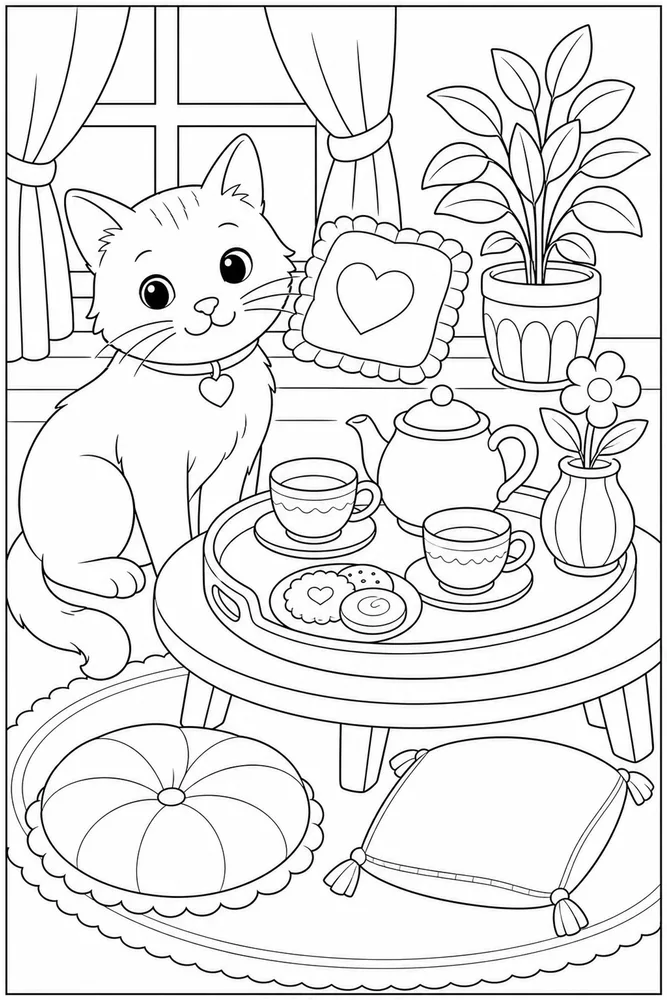 Cat beside an indoor tea tray coloring page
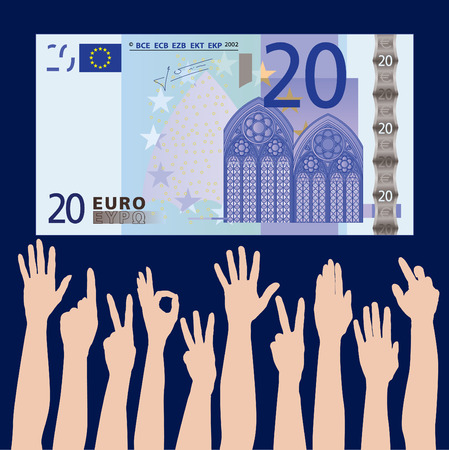Many hands grab at a 20 euros bank noteのイラスト素材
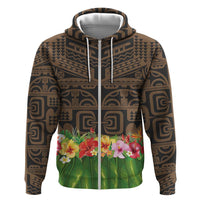Hawaiian Hula Costume Zip Hoodie Tribal Tattoo and Tropical Plants Skirt - Polynesian Pride
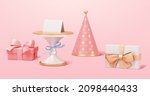 3d pink romantic holiday object ... | Shutterstock .eps vector #2098440433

Your assignment: The data above must be reproduced exactly, without any of its pictures.

Finished task:
 Cat beside an indoor tea tray coloring page
Many hands grab at a 20 euros bank noteのイラスト素材
Hawaiian Hula Costume Zip Hoodie Tribal Tattoo and Tropical Plants Skirt - Polynesian Pride
 3d pink romantic holiday object ... | Shutterstock .eps vector #2098440433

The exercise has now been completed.